Ainsi, les nombreuses entreprises françaises qui proposent des services concurrents dans le domaine de la formation, du cloud, des logiciels bureautiques, etc. se retrouvent brutalement exclues de ces marchés en raison du dumping mis en place par le Ministère. C’est d’ailleurs ce qui est en train de se produire au sein de nombreuses directions d’achat du Ministère de l’Éducation qui revoient leurs catalogues pour privilégier désormais les produits Microsoft. Même économiquement, l’équation est négative puisque de nombreux budgets de l’éducation dépendent des collectivités territoriales et non du Ministère lui-même. La gratuité revendiquée par la Ministre n’est qu’une illusion.

Unanimement dénoncé par le secteur, le choix du Ministère de ne pas suivre les procédures des marchés publics est incompréhensible – et ce d’autant plus que Microsoft France est une société coutumière des redressements fiscaux – 52,5 millions en 2014 et déjà 16,4 millions en 2015. En acceptant qu’un géant international du numérique fournisse gratuitement les mêmes services que ses compétiteurs locaux, en refusant de considérer qu’il s’agit de marchés ayant une valeur, le Ministère dévalorise d’un coup les années de travail de nombreux entrepreneurs et met en danger l’emploi de l’intégralité de ce secteur stratégique pour le futur. Qu’il s’agisse des prestations de formation, des cours de code, du cloud ou des logiciels de bureautique, ces services et ces produits auraient dû faire l’objet d’une mise en concurrence par le Ministère.

En refusant de la faire, en acceptant d’honorer une pratique déloyale et en signant un accord industriellement dangereux avec Microsoft France, la Ministre, Madame Najat Vallaud Belkacem s’est placée dans l’illégalité au regard du Code des marchés publics. À défaut d’annuler cet accord, elle risque là une condamnation pour atteinte à la liberté d’accès et à l’égalité des candidats dans les marchés publics (article 432-14 du Code Pénal), voire pour favoritisme (article 432-10 du Code Pénal).

C’est pour cette raison que les membres du collectif EduNathon ont choisi de porter l'affaire en justice.
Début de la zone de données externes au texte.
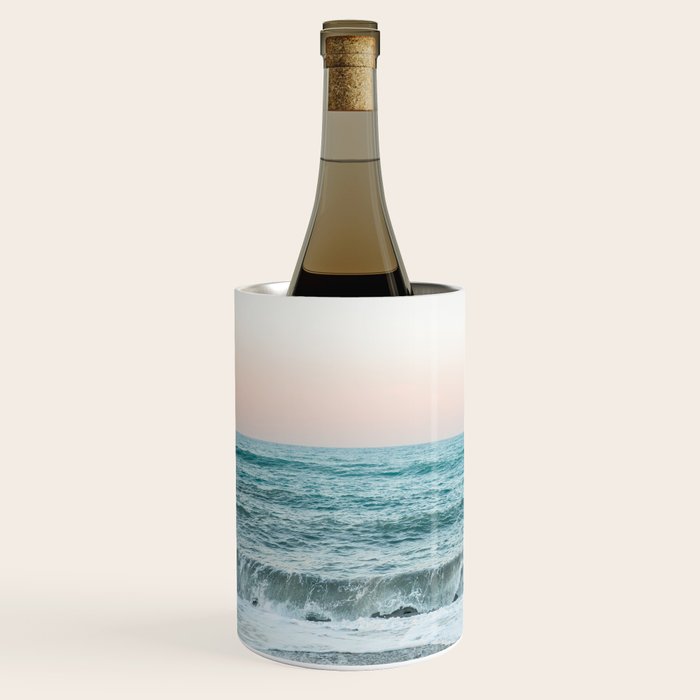Sunset by the sea - Blue ocean, pink sky Wine Chiller Gallery Image 2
Cette action est engagée pour défendre le service public, pour préserver le droit des élèves et des enseignants à disposer de leurs données et de leur autonomie informationnelle, pour soutenir l’équité des entreprises et acteurs économiques du numérique, et notamment les jeunes entreprises émergentes françaises et européennes sur les grands chantiers portés par l’État français et les institutions publiques.
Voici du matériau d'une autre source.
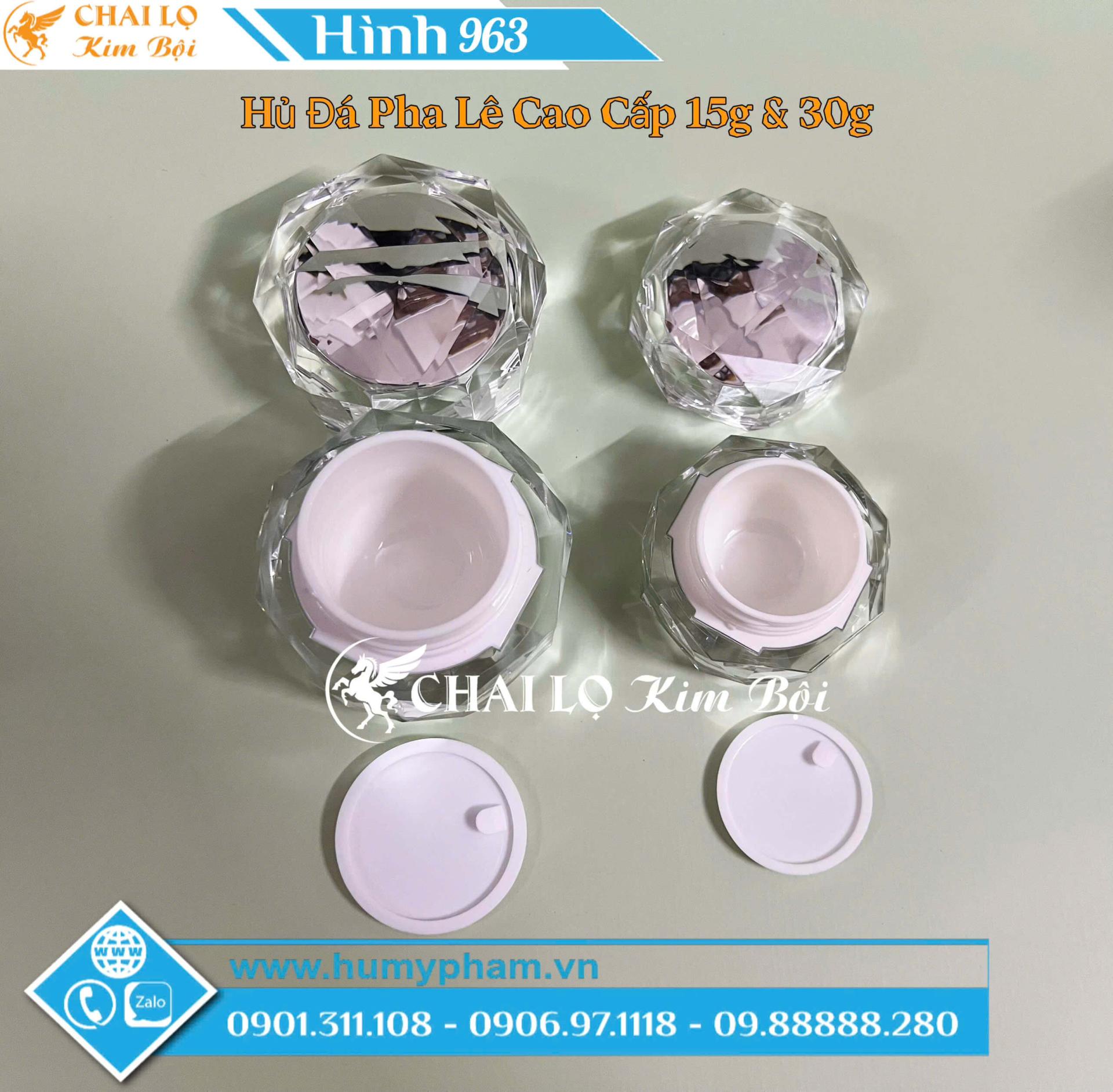 hủ đựng kem face pha lê cao cấp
Quelques membres du collectif EduNathon :

  • Le CNLL (Conseil National du Logiciel Libre) regroupe 13 associations régionales d’Entreprises du Numérique Libre (ENL) et clusters dédiés aux logiciels libres et à l’open source. Le CNLL représente plus de 400 entreprises dont leurs cœurs de métiers sont les Logiciels Libres et/ou l’Open Source.

  • La Mouette est une association défendant l’économie sociale et solidaire par le biais notamment de l’utilisation des formats ouverts et de solutions bureautiques libres pour le poste de travail dans le monde professionnel, le monde éducatif, comme le monde privé à la maison. Elle regroupe des adhérents dans toute la France et le monde francophone, de type collectivités, prestataires engagés et particuliers.

  • Le Ploss-RA est l’association des professionnels du Numérique Libre de la région Auvergne Rhône-Alpes et membre fondateur du CNLL. L’association regroupe 40 entreprises. Elle a pour objectif de favoriser la coopétition entre ses membres afin de promouvoir et renforcer l’industrie du numérique Libre et Ouvert.